EvalOps unfiltered: Evaluating LLM-based applications
LLMs behave differently with the slightest prompt tweak, context change, or input variation. If you're building anything real with GenAI, you already know the outputs can surprise you: and not in a good way. That’s why testing isn’t optional: it’s essential.
EvalOps Unfiltered is a practical event series for GenAI teams tackling the real-world challenges of evaluating LLM applications. Focused on the emerging field of EvalOps, it goes beyond benchmarks to address unpredictable model behavior, adversarial risks, and production readiness.

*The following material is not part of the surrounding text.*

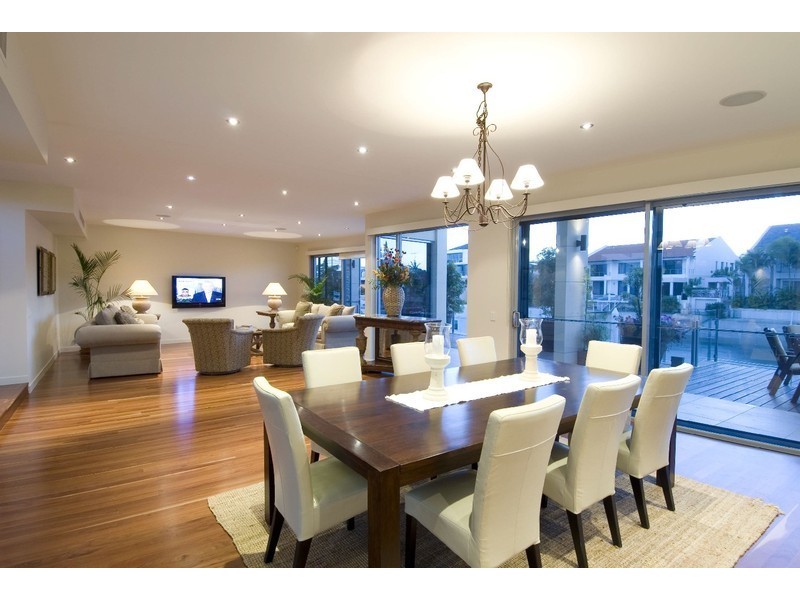 24 Norseman Court, Main Beach QLD 4217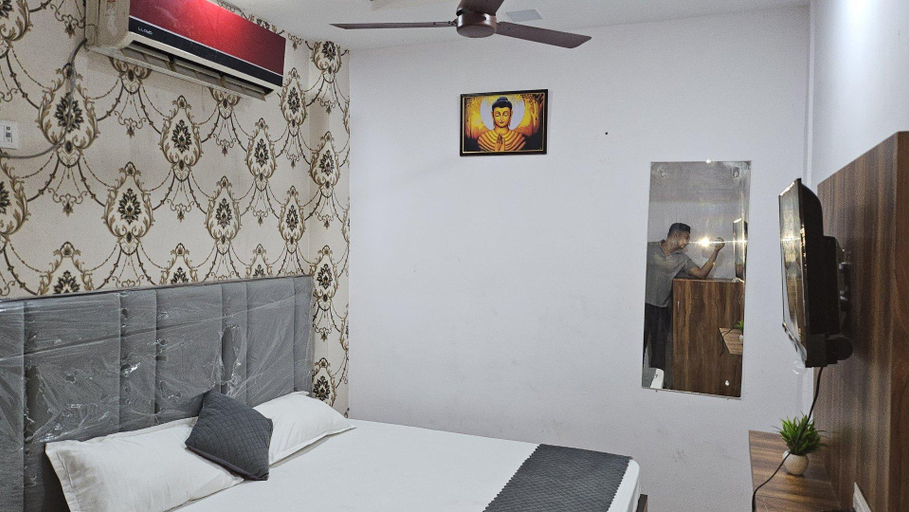Bedroom 12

Each session features live experiments, tool deep-dives, breakout discussions, and honest conversations about what truly works when deploying LLMs.
What to expect (on 17. Sept):
🔧 Lightning talks from three teams presenting their real testing challenges — the kind that don't show up in research papers
🧠 Breakout sessions where you'll dig deep into one challenge, discuss solutions, share experiences, and test ideas with fellow builders
🍺 Drinks while the conversations continue
No panels, no pitches — just builders sharing what's actually broken and collaborating on what might work. This isn't about theory. It's about the unglamorous, critical work of making Gen AI systems reliable enough for the real world.
Location: Berlin, Germany; more details upon registration.
Target Audience:
Gen AI engineers wrestling with evaluation pre-release
Technical leads managing LLM-powered products
Data scientists designing and fine-tuning LLM-based applications
Product owners responsible for delivering reliable AI-driven features
Please note: Attending the event is only possible upon confirmed registration.
Rhesis AI (www.rhesis.ai) proudly hosts this event in collaboration with K.I.E.Z (www.kiez.ai).